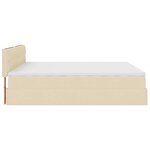 VidaXL Cadre de lit ottoman avec matelas crème 200x200cm tissu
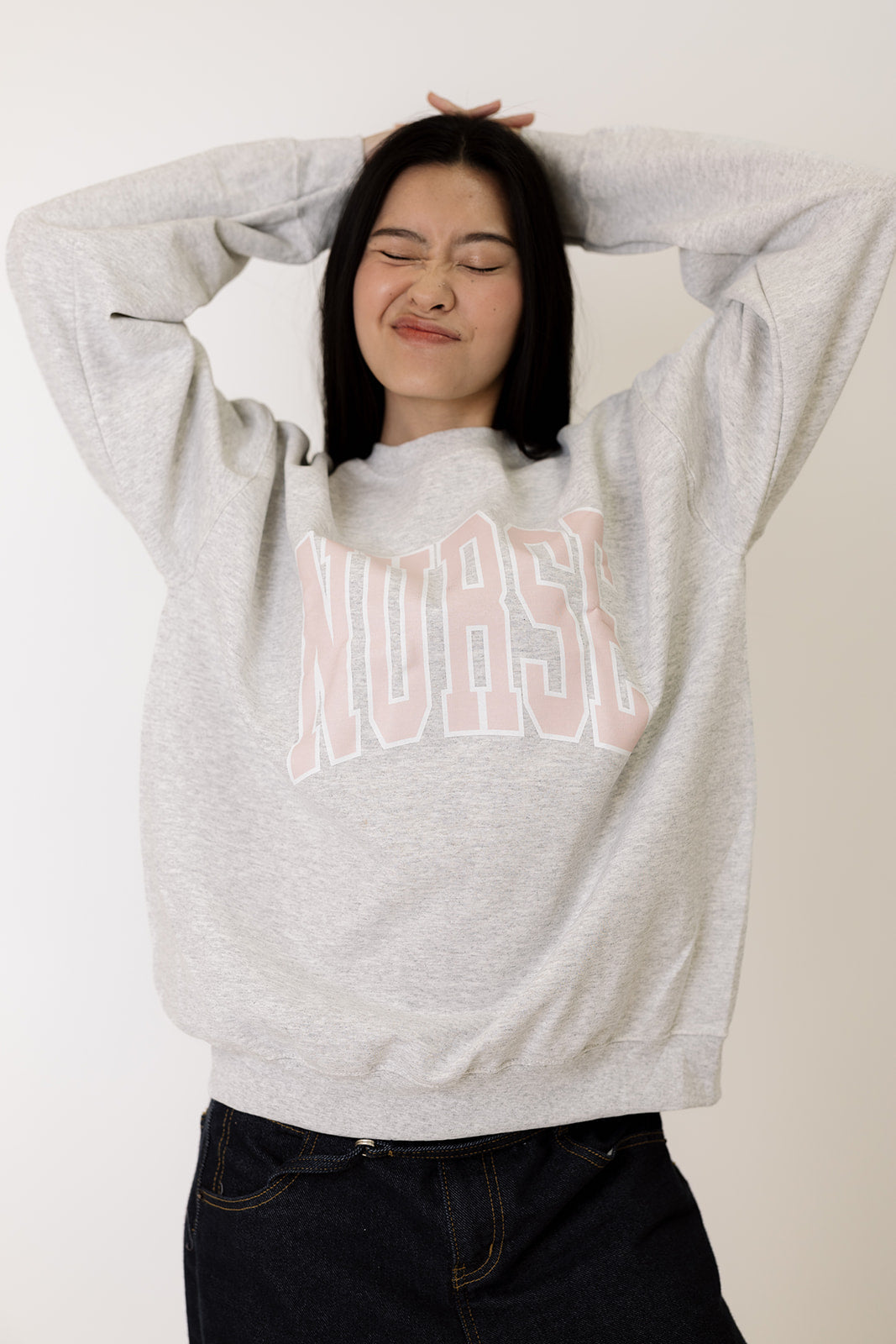 Nurse Block Sweatshirt in Ash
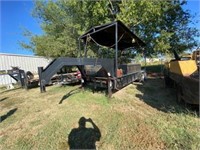 Portable Outdoor Kitchen w/Smoker on Gooseneck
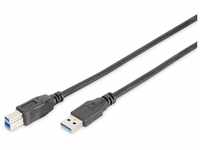 Digitus Digitus USB-Kabel USB 3.2 Gen1 (USB 3.0 / USB 3.1 Gen1) USB-A Stecker,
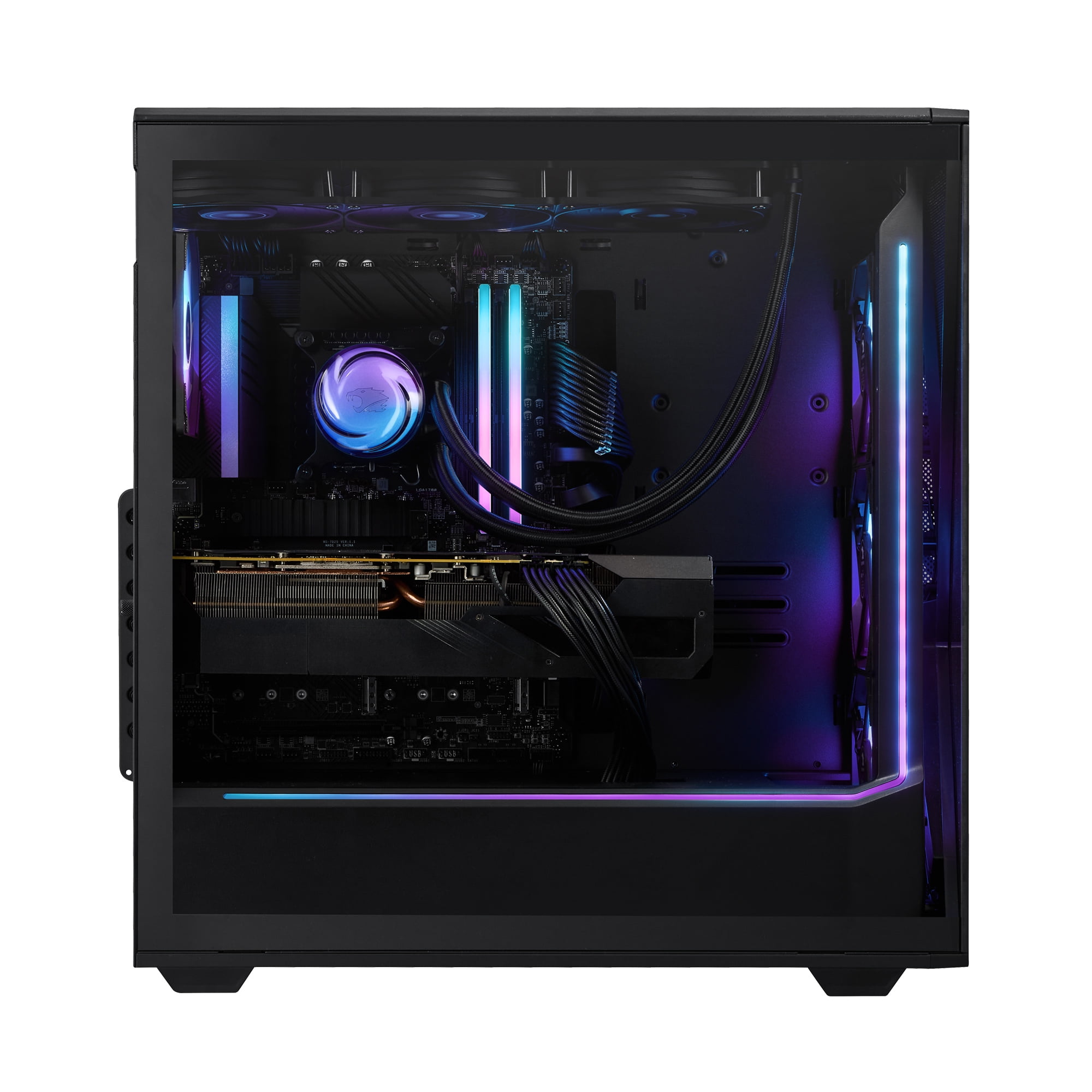 iBUYPOWER Slate Gaming PC Desktop Computer AMD Ryzen 7 9800X3D CPU, AMD Radeon RX 9070XT 16GB GPU, 32GB DDR5 RGB 5200MHz RAM, 2TB NVMe SSD, Windows 11 Home, Gamer Keyboard and Mouse - SBA7R97XT02
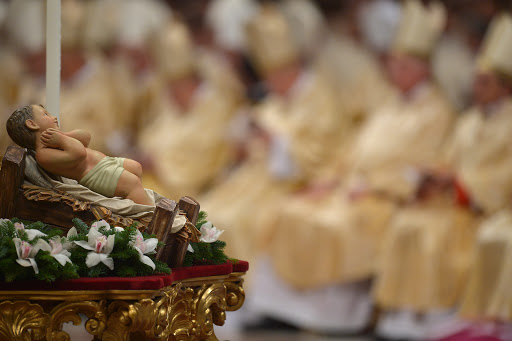 A picture shows baby Jesus at St Peter&#8217;s Basilica &#8211; pt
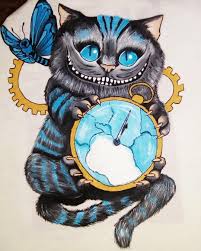 cheshirskij kot alisa v strane chudes alisa v zazerkale kot totemy zhivotnyh risunki illyustracii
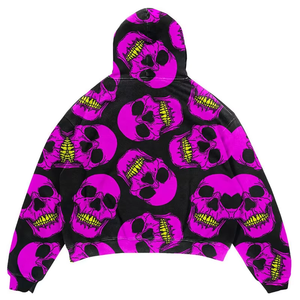 Durable StitchingWarm Custom Printed Embroidered Winter Streetwear Casual Pullover for Men and Women 100% Cotton Oversized Fit - Product Image 4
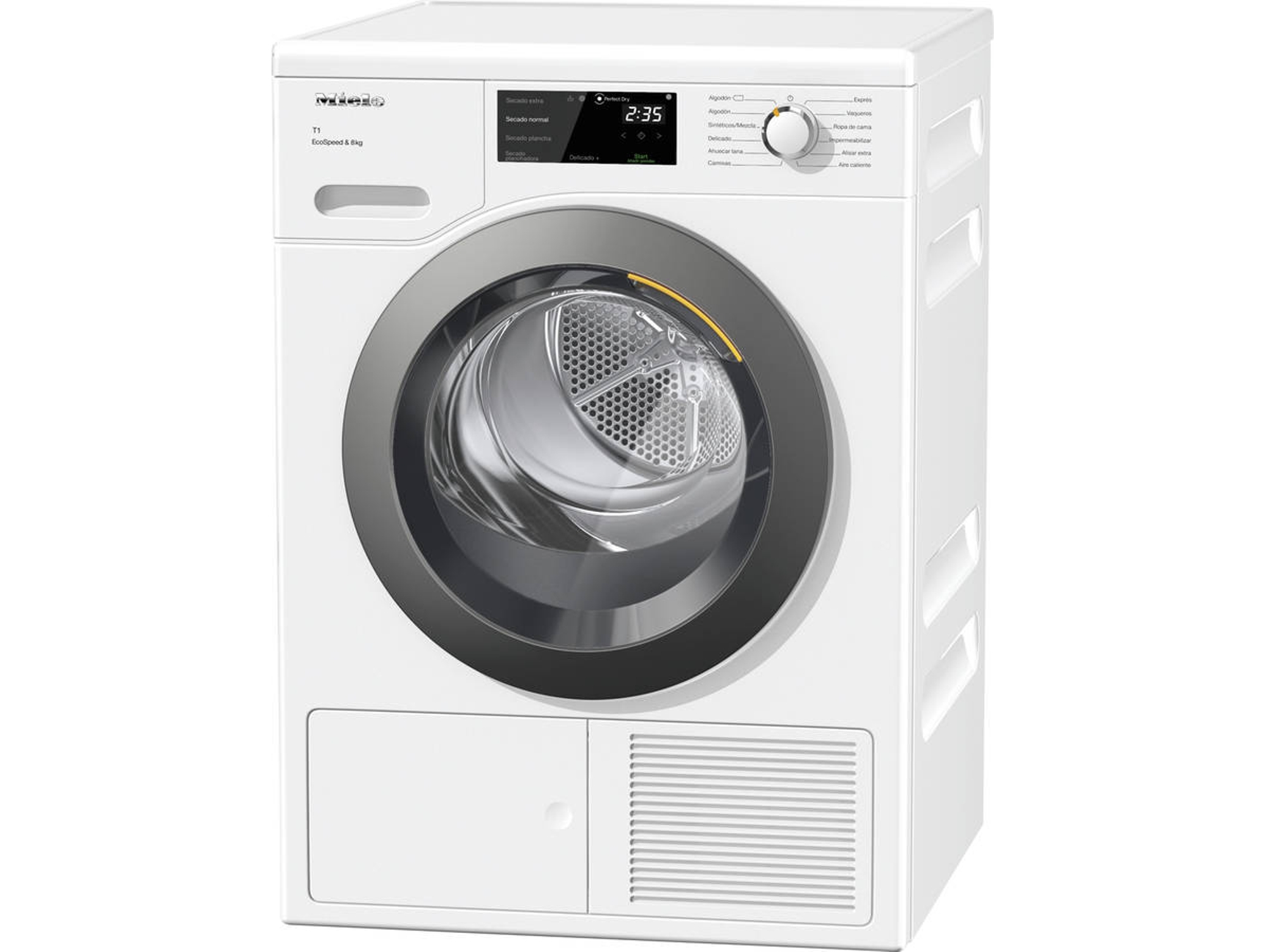 Secadora MIELE TCF 640 WP ECOSPEED (8 kg - Bomba de Calor - Blanco)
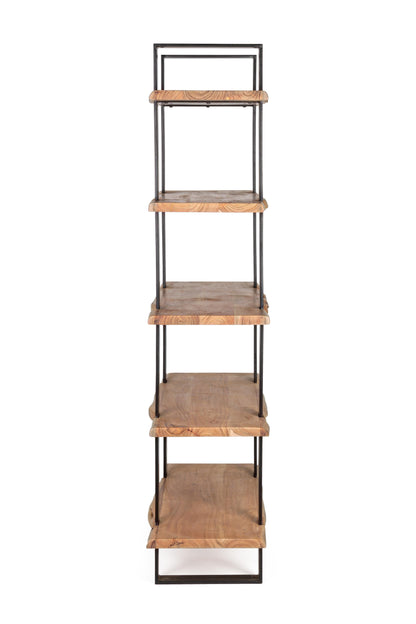 Libreria Industrial etnica con assi grezze legno vivo e struttura in ferro battuto - SCONTO 20% - lapagoda.net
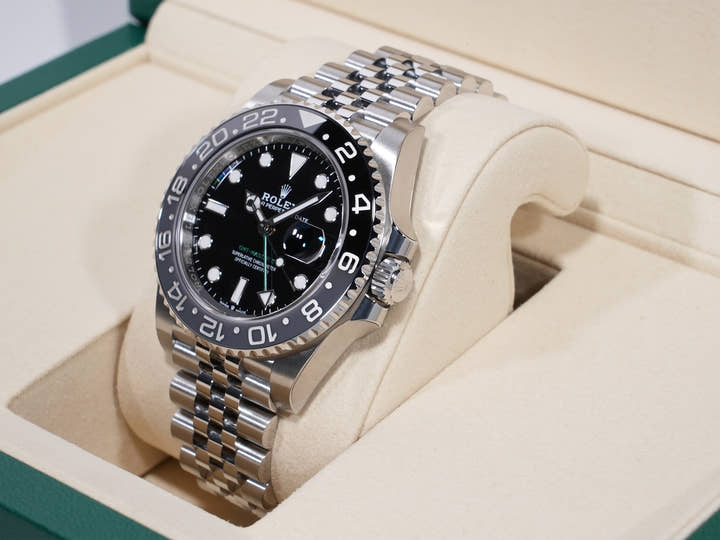 Rolex GMT-Master II Ref. 126710GRNR Stainless Steel Black Dial Jubilee Bracelet Unused 7gezfpxz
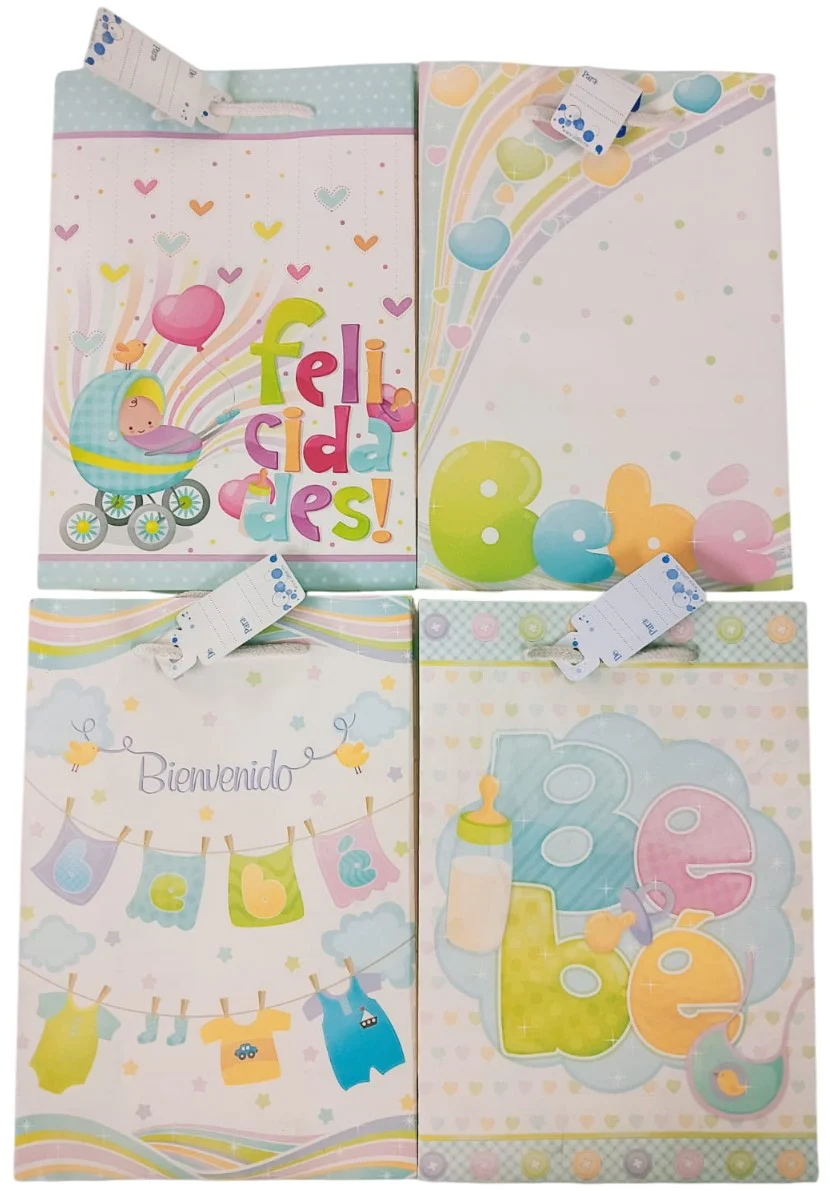 Bolsa p/Regalo Bebe Modelos Varios 20×29+10cm Padi® 375 [Pieza]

What this task involves: Pictures are not part of the copy; reproduce exactly and only the lines from the line containing "Rolex GMT-Master II" through the end of the listing.

Solution to this problem:
 Rolex GMT-Master II Ref. 126710GRNR Stainless Steel Black Dial Jubilee Bracelet Unused 7gezfpxz
 Bolsa p/Regalo Bebe Modelos Varios 20×29+10cm Padi® 375 [Pieza]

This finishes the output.